Dancing En Pointe

One of my favorite moments in dance is perfectly finding my balance. Especially when I'm in Pointe shoes. I spent my childhood dreaming of these silk slippers, but it isn't nearly as easy as my dreams suggested. It takes practice and strength and focus. If I don't find the point of the shoe, I don't succeed in my dancing. Life is the same. We have to focus on our purpose, find the point of life. If we do so, it's easier to balance and dance with the grace and skill we have practiced for so long. Find the Pointe.

Monday, June 16, 2014

Performance

A few nights ago was my last recital with Dance Concepts. Months and months of practice and training all ended in just over two minutes on stage. And as I mentioned in a previous post, this is absolutely terrifying to me.

Technically, I didn't have to be ready and backstage more than five minutes before I performed. I was there almost an hour before. I wanted this dance to be perfect - I knew if I messed up I would agonize over it for a long time.

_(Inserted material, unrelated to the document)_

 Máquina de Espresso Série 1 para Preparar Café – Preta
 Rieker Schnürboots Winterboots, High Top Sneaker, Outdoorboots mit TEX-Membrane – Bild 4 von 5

Probably until my chance at redemption just under two years away. This would be my last chance to really dance until my mission was over. It HAD to be perfect.

Backstage, I did everything I could to prepare. I warmed up, stretching muscles and feet to their limits. Then I ran my entire dance multiple times, stopping every time something went wrong. I repeated that move until I could do it right every time. 

During my rehearsal, many other dancers cycled through the stage area. I knew many of the younger dancers were watching me. I mean come on. I was in pointe shoes. To them, I was the ultimate example of a ballerina - I had the shoes and the tutu. I had come to embody the dream I had as a little girl. I hoped I was planting that dream in these little girls. 

One of my favorite feelings is standing behind the curtain, preparing to step out on stage. All the nerves I feel gather in my stomach and change. As I walk out, I'm suddenly not nervous anymore. This may sound cheesy, but I'm at home on the stage. Whatever happens out there, I am a dancer. It's where I'm comfortable.

I'll spare the blow-by-blow account of my performance. But I could not have danced any better. These pictures show the start and end of this dance. My curtsey was a moment of triumph. I had poured everything I had into my movement, and I had succeeded. 

Despite the many ways this dance could have gone wrong (see Pointe Shoes), I was able to pull strength from within myself. Months ago, I set a goal. Hard work does pay off. The journey was not easy. I changed sections of my dance, I had to alter my costume, I had to work through injury and blisters.

But in the end, I got there. I performed to the standard I had set for myself. Life too is a performance. There are times when everyone is looking at you, watching to see if you can do it. But all this time, you are also practicing. Life is a stage, but it is still the studio. Even professional ballerinas spend their days in the studio before they perform on stage. They still practice and strengthen and sometimes fail. But the pointe is that nobody starts out perfect. It is the search for perfection that eventually gets you there.